To do:
Output the full listing below exactly as it reads, and skip anything that is a picture.

Given information:
· · · ·
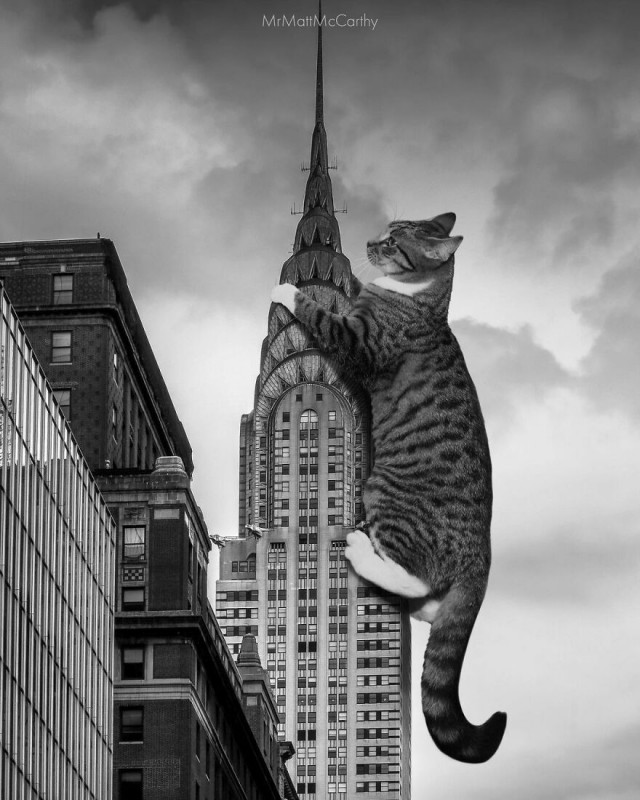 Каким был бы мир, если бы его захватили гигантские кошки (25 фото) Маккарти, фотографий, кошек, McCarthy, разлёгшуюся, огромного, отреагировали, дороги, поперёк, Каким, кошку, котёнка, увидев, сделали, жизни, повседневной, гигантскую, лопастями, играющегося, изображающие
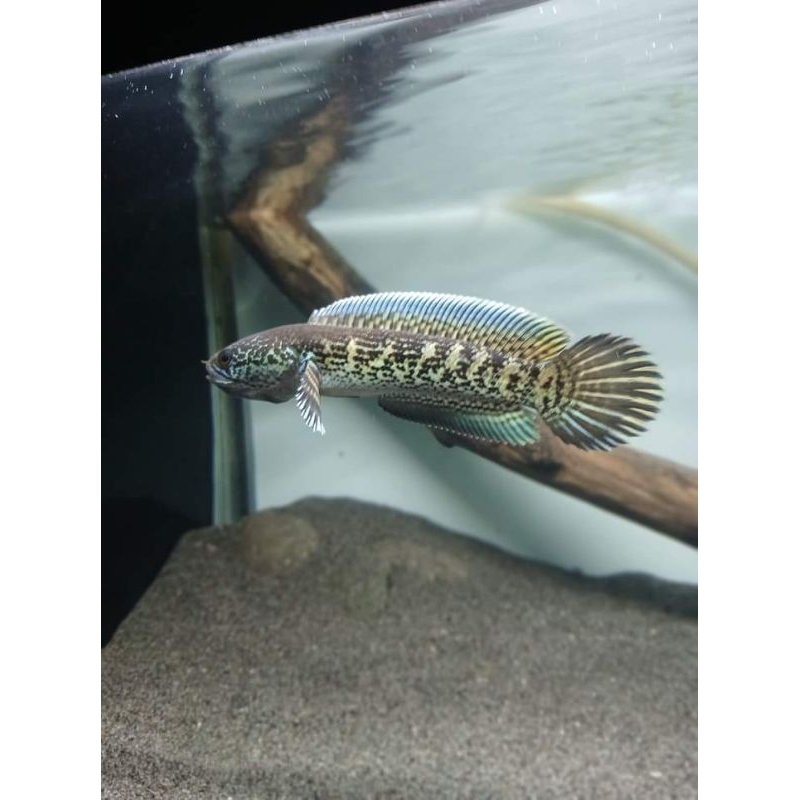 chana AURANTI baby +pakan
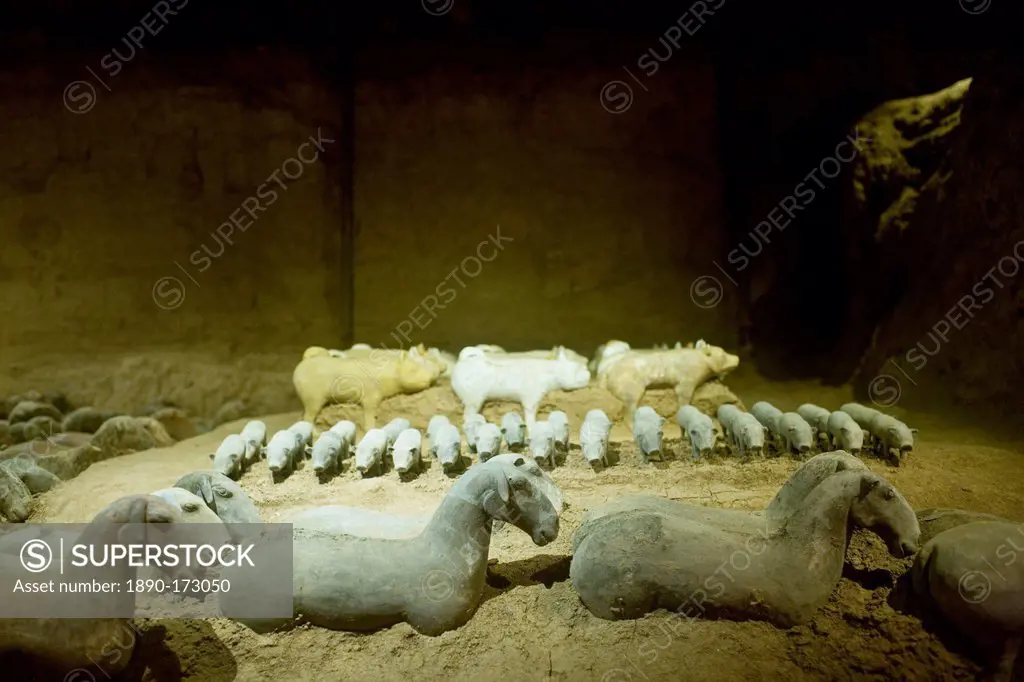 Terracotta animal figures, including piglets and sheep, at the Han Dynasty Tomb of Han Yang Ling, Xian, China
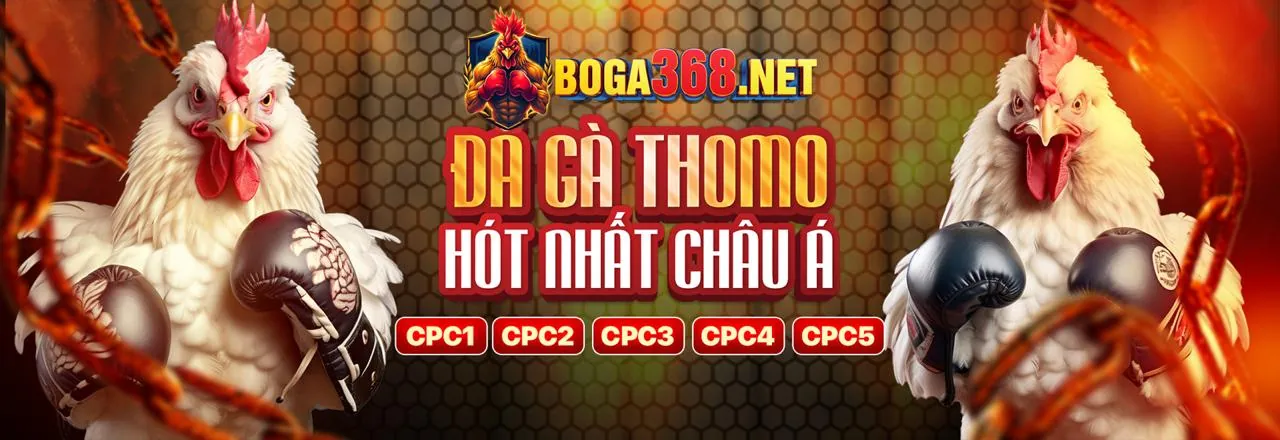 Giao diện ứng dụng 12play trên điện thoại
· · · ·
Answer space:
 Каким был бы мир, если бы его захватили гигантские кошки (25 фото) Маккарти, фотографий, кошек, McCarthy, разлёгшуюся, огромного, отреагировали, дороги, поперёк, Каким, кошку, котёнка, увидев, сделали, жизни, повседневной, гигантскую, лопастями, играющегося, изображающие
 chana AURANTI baby +pakan
 Terracotta animal figures, including piglets and sheep, at the Han Dynasty Tomb of Han Yang Ling, Xian, China
 Giao diện ứng dụng 12play trên điện thoại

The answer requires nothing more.